Dois dias e 600 km depois, o time encontrou as ruas de Pelotas acarpetadas de gente. Foi uma das maiores manifestações populares vistas na cidade, maior até que a visita de Getúlio Vargas, semanas antes. “Fiquei tão radiante com nossa proeza que não me dei o direito de ficar triste com a Copa”, diz Russomano, a quem os sentimentos de 1950 são eternos. Para o bem e para o mal.
Gol histórico foi marcado pelo tio do escudeiro de Felipão
O jogo caminhava para um empate em 1 a 1, o que já seria um senhor resultado para o Xavante, quando Darcy, autor do primeiro gol, foi derrubado na área uruguaia. O time inteiro olhou para Mortoza, cuja potência na perna direita lhe rendeu o apelido de Canhão da Baixada. Com a brisa do Rio da Prata a soprar no rosto, o ponteiro, que faria 26 anos no dia seguinte, correu e soltou um tiro seco. Se houvesse fotógrafo atrás das traves, Máspoli, o goleiro campeão da Copa, perigava ficar fora do quadro.
Apesar do momento único, balançar as redes pelo Xavante sempre foi uma rotina para Mortoza. Até a aposentadoria, em 1956, foram 224 gols, estatística que faz do ex-jogador o maior artilheiro da história do clube.
Morto em 1996, aos 72 anos, Darci Lopes da Cunha abriu uma linhagem de futebolistas pelotenses. O apelido, Mortoza, veio sob inspiração da vila natal do pai, João, um português que migrou para Pelotas na primeira metade do século passado.

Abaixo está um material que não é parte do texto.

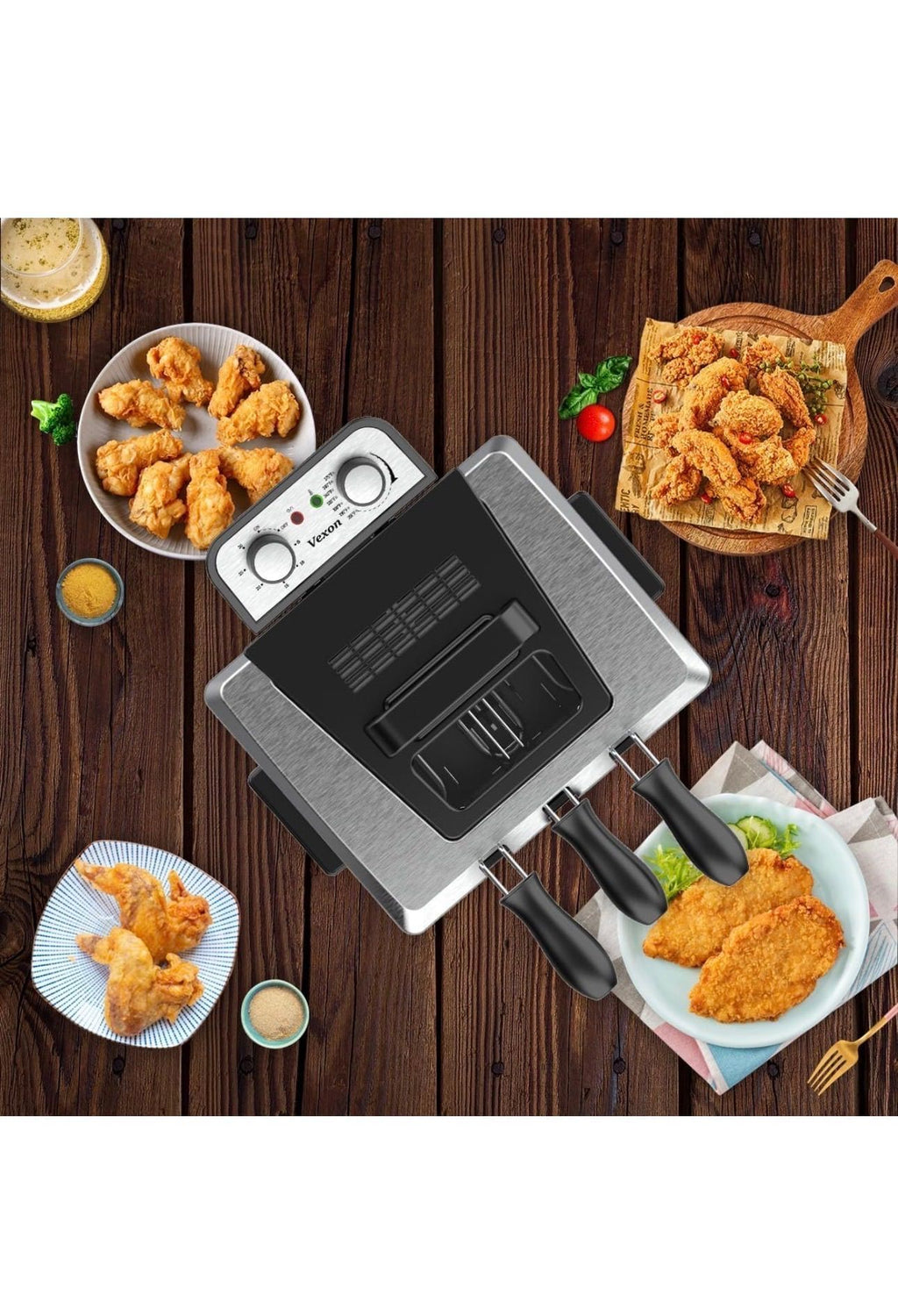 Vexon1800W 5 Liters/21 Cups Large Electric Deep Fryer with 3 Frying Baskets for Home Use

Mortoza é irmão da mãe de Flávio Teixeira, o Murtosa, auxiliar técnico da seleção brasileira e fiel escudeiro de Felipão há mais de três décadas.
“Flávio ficou órfão de pai cedo e, como ambos jogavam como ponteiro-direitos, não seria exagero dizer que meu avô o inspirou para a carreira no esporte. Também foram os únicos da família a usar bigode”, atesta
Ricardo Costa da Cunha, neto de Mortoza, sobrinho de Murtosa, ele também preparador físico.
Caso Neymar e companhia cruzem o caminho do Uruguai neste Mundial, não deixa de ser um bom sinal ter por perto um sujeito com inclinações genéticas para vencê-los, mesmo nos anos mais difíceis.
Clube lança camisa que festeja o jogo
Fabricante de material esportivo do clube, a Dresch Sport se viu em problemas ao projetar uma camisa reversível comemorativa à vitória no Centenário. O maior rival do Xavante, o Pelotas, veste as cores amarelo e azul.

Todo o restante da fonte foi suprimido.